What is your own concept of money?
Money is a commodity accepted by general consent as a medium of economic exchange. It is the medium in which prices and values are expressed. It circulates from person to person and country to country, facilitating trade, and it is the principal measure of wealth.
What are the types of money in economics?
Money comes in three forms: commodity money, fiat money, and fiduciary money. Most modern monetary systems are based on fiat money.
What is the definition of a money economy?
Definition of money economy : a system or stage of economic life in which money replaces barter in the exchange of goods.
What are two definitions of money?
1 : something generally accepted as a medium of exchange, a measure of value, or a means of payment: such as. a : officially coined or stamped metal currency newly minted money. b : money of account. c : paper money handed the bank teller a wad of money.
What are the 7 characteristics of money?
The characteristics of money are durability, portability, divisibility, uniformity, limited supply, and acceptability.

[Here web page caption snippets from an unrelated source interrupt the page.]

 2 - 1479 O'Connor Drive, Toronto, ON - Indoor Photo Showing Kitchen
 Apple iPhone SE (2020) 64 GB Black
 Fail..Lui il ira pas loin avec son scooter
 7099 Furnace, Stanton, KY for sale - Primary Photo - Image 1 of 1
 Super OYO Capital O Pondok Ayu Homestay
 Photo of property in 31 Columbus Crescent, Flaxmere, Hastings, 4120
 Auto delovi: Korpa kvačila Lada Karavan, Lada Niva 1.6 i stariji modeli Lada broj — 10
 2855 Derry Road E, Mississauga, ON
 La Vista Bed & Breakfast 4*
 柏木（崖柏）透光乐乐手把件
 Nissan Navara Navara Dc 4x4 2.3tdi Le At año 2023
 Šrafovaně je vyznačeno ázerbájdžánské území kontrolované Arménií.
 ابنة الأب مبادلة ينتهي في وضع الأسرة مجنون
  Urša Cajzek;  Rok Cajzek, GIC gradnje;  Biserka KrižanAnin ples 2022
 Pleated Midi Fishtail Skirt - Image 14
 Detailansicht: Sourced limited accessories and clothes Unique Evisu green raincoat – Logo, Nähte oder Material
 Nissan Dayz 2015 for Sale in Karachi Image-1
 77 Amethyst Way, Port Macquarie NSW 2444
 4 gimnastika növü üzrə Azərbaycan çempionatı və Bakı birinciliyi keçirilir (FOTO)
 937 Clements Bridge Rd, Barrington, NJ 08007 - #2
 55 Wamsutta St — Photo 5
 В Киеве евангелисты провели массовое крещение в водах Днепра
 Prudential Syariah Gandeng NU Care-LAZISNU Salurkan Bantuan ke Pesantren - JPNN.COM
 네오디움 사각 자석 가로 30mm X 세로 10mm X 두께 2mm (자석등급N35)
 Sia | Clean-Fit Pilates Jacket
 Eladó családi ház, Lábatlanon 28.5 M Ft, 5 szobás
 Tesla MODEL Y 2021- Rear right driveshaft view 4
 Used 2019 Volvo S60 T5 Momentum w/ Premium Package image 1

What is a full meaning of money?
What is money in economics class 10?
Money can be defined as anything that act as medium of exchange, store of value and unit of accounting to facilitate the economic activities and transactions. E.g. Currency – paper notes and coins, Demand Deposits, Bankers Cheque.
Who makes the money?
The job of actually printing the money that people withdraw from ATMs and banks belongs to the Treasury Department’s Bureau of Engraving and Printing (BEP), which designs and manufactures all paper money in the U.S. (The U.S. Mint produces all coins.)
Why is money called currency?
Originally money was a form of receipt, representing grain stored in temple granaries in Sumer in ancient Mesopotamia and in Ancient Egypt. In this first stage of currency, metals were used as symbols to represent value stored in the form of commodities.